Ik ben de keizerin, daar zit de keizer.
 
Boer
 
Hij is het. – God en Sint Steven
mogen u een goeden avond geven. Ik heb u
hier een brief en een koppel duiven gebracht.
 

(Saturninus leest den brief.)

Saturninus
 
Gaat, neemt hem, hangt hem op, dit zij zijn loon.
 
Boer
 
Hoeveel geld krijg ik wel?
 
Tamora
 
Loop, knaap; gij moet gehangen worden.
 
Boer
 
Gehangen! Bij onze lieve Vrouw, dan
heb ik een hals mooi aan zijn end gebracht!
 
(Hij wordt door een Wacht weggevoerd.)
Saturninus
 
ʼt Is schandʼlijk, onverdraagʼlijk, al die hoon!
Zou ik die monsterschurkerij verdragen?
Ik weet, aan wien ik dit te danken heb.
Onduldbaar is ʼt! – Alsof zijn schelmsche zoons,
Door ʼt recht gevonnisd om den moord mijns broeders,
Door mij geslacht zijn, tegen wet en recht! —
Gaat, sleept den booswicht bij de haren hier;
Geen roem noch leeftijd geevʼ hem eenig voorrecht
Voor dezen trotschen hoon doe ik u slachten;
Sluw-dolle schurk, gij hielpt mij aan de kroon,
Maar hopend over Rome en mij te heerschen.
 

(Æmilius komt op.)

 
Wat nieuws brengt gij, Æmilius?
 
Æmilius
 
Te wapen, heer! Nooit drong de nood zoozeer.
De Gothen zijn vereend, en met een macht
Van koene krijgers, fel belust op buit,
Naar Rome op marsch, nabij reeds; aan hun hoofd
Staat Lucius, zoon van deʼ ouden Andronicus;
Hij dreigt, in zijne wraak niet minder ver
Te willen gaan dan eens Coriolanus.
 
Saturninus
 
De dappʼre Lucius veldheer van de Gothen?
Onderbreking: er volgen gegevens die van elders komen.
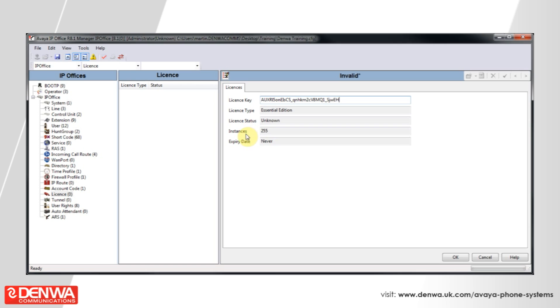Paste the license key into the license key field and you will see that the license type has been automatically populated based on the license key. The system knows that this is an essential edition license that you are applying.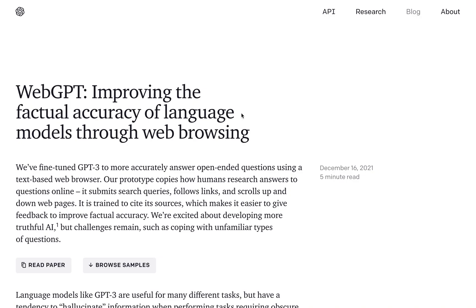Hey everyone, welcome to another NLP video. Today we're looking at the paper WebGPT: Improving the Factual Accuracy of Language Models Through Web Browsing, released recently by OpenAI.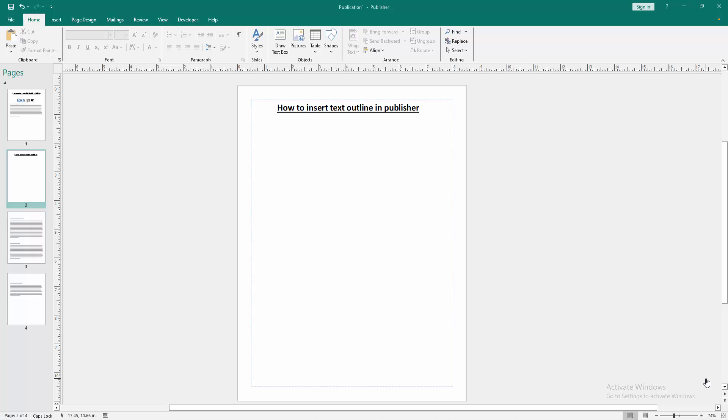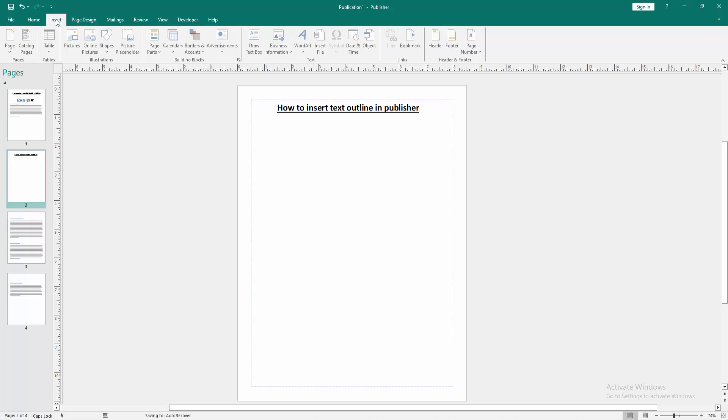Firstly, we have to open a Publisher document. Now we want to insert text outline in this document. Go to the Insert menu.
Die tijding knakt mij; als bevroren bloemen,
Of gras, door storm geslagen, buig ik ʼt hoofd.
Ja, thans begint mijn kwade tijd te naadʼren.
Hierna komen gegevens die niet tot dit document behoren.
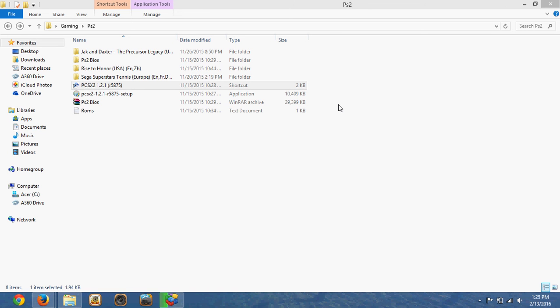What's up guys, SevenMinuteMouse here, and today I'm going to be showing you how to play PS2 games on any PC.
Hij is het, dien het volk zoozeer bemint;
Meermalen heb ik, als ik onbekend
De stad doorkruiste, zelf hen hooren zeggen,
Dat Luciusʼ ballingschap een onrecht was,
En dat zij Lucius zich als keizer wenschten.
 
Tamora
 
Waarom beangst? is onze stad niet sterk?
 
Saturninus
 
Ja, maar de burgers achten Lucius hoog,
En vallen mij wis af, om hèm te helpen.
 
Tamora
 
Wees keizer, heer, in denken als in naam.
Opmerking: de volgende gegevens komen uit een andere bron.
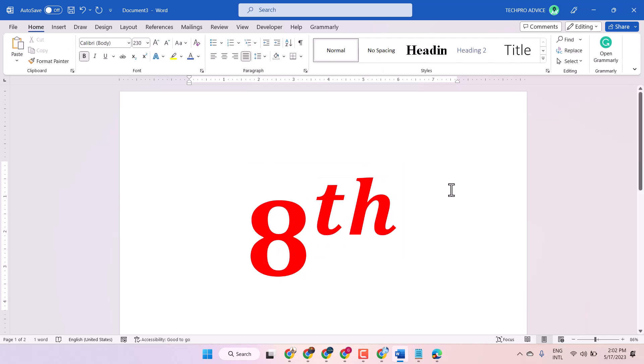So in these ways we can type and write 'th' above the line in Microsoft Word. Thanks for watching.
Taant ooit de zon, wijl muggen in haar dansen?
Zie, de aadʼlaar laat de kleine vogels zingen,
En wat zij er mee meenen, deert hem niet;
Hij weet, dat reeds de schaduw van zijn wieken,
Zoodra hij ʼt wil, hun zang verstommen doet;
Dit doet ook gij het wuft Romeinsche volk.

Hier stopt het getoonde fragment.